Still. The Dunedain had been good to them, and even better to Angion and Tauriel, and he was grateful. It didn't mean he didn't think they were weird.

"No more than do you," Morwinyon said, accent rolling out in a way that was rarer and rarer these days. It was why her Khuzdul always sounded just a little off, though Kíli would never tell her so. She couldn't quite manage some of the harsher sounds even if her vocabulary might be even more complete than Kili's own.

Kíli said, "We don't usually come this far south."

"He rode to the north," Beslan argued.

"But not with us," Kíli said before Morwinyon could, shrugging. "Maybe another clan would have more insight."

"No one seems to know anything about him," Beslan said. "It's almost like he sprung from nowhere."

"I am sure his mother bore him as our mothers bore the rest of us," Morwinyon said. "And his mother did ride with us for a time, or so Alia says, so her character is vouched for."

Perhaps Beslan heard the same bite in her tone as Kíli did, or maybe he had just talked himself out. The gathering ended with no more direct talk of Aragorn son of Arathorn.

"You can't say that of the twins, you know," Kíli told her as they went to the tent assigned them.

"Pardon?" Morwinyon asked.

"The twins," he said. "Their mother did not quite bear them as our mothers bore the rest of us."

She laughed, as he had intended, an said, "Well, if I hear that Aragorn was cut from his mother I will be more wary."

When they lay in the tent (its owner was one of the scouts who had greeted them, and was still patrolling), Morwinyon said, because she knew he liked to hear such things, "Tauriel would have slept outside. She hated not seeing the stars even when we were in my father's halls. My windowseat had the only real view of them, and we would sit there long into the night."

It was the same way he had learned that Tauriel had had no blood family left, and that she had liked apples and been terrible at card games and been raised to captain of the guard and scout leader too young, probably, but she had done the jobs anyway and been good at them.

"She raised me too young," Morwinyon had said once, when they were camping out, staring at the stars. "But then, she was good at that, too."

Now, he said without any real heat, "You've told me that already."

"Have I begun to repeat myself?"

"Sixty years. It's bound to happen sometime."

Morwinyon laughed, and said firmly, as she always did, "She loved you very much."

He didn't mind when she repeated herself, really.


Angion and Tauriel were freakishly well behaved for dwarvish infants. Kíli was beginning to think he'd have to take Drastic Measures, because it couldn't be natural. Their father might not have been the troublemaker that Kíli was, but he'd had a strong mischievous streak anyway and their mother had gotten fed up with being a literal princess locked away in a literal tower and run off to fight a literal dragon.

Being well-behaved was just not in their bloodline. Tauriel's namesake was no slouch in the rebellious department, either.

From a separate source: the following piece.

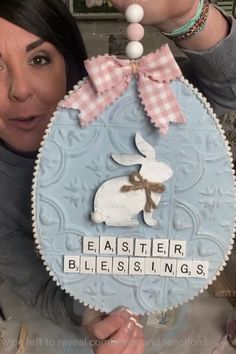 a woman holding up an easter egg with a bunny on it and the words easter, blessing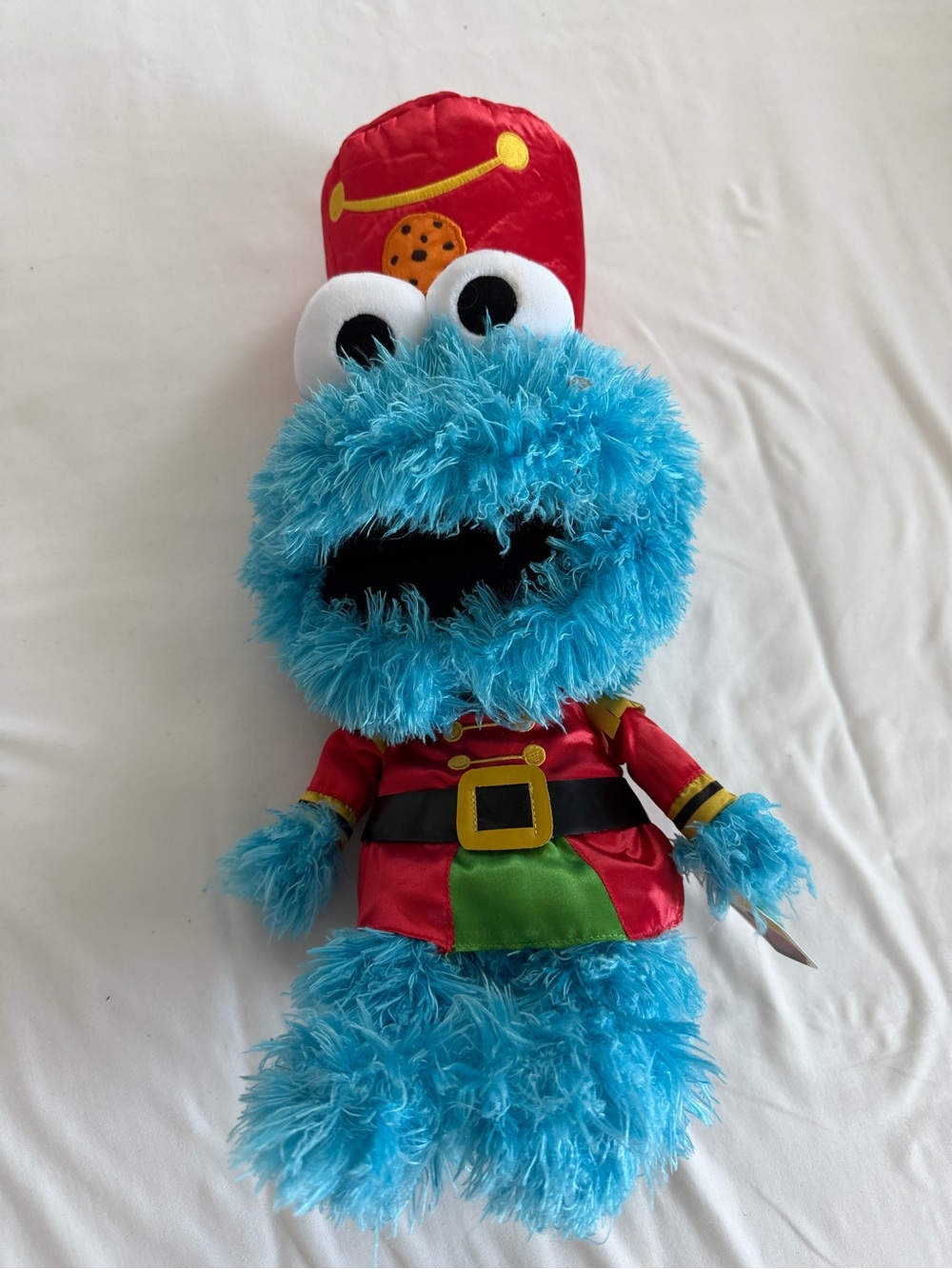 Sesame Street blue plush with red satin sleeve and yellow tag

He often forgot all of that when he held them, though, because Tari liked to tug on his hair and Angion was a cuddler.

"We have to do something about this," he told his niece. He was holding both of them, but her twin had fallen asleep over Kili's shoulder almost the moment he'd been picked up. "The family reputation is at stake, you know."

Tauriel tried to push his face away and huffed in frustration when it went only so far.

"I suppose that's a start," he said.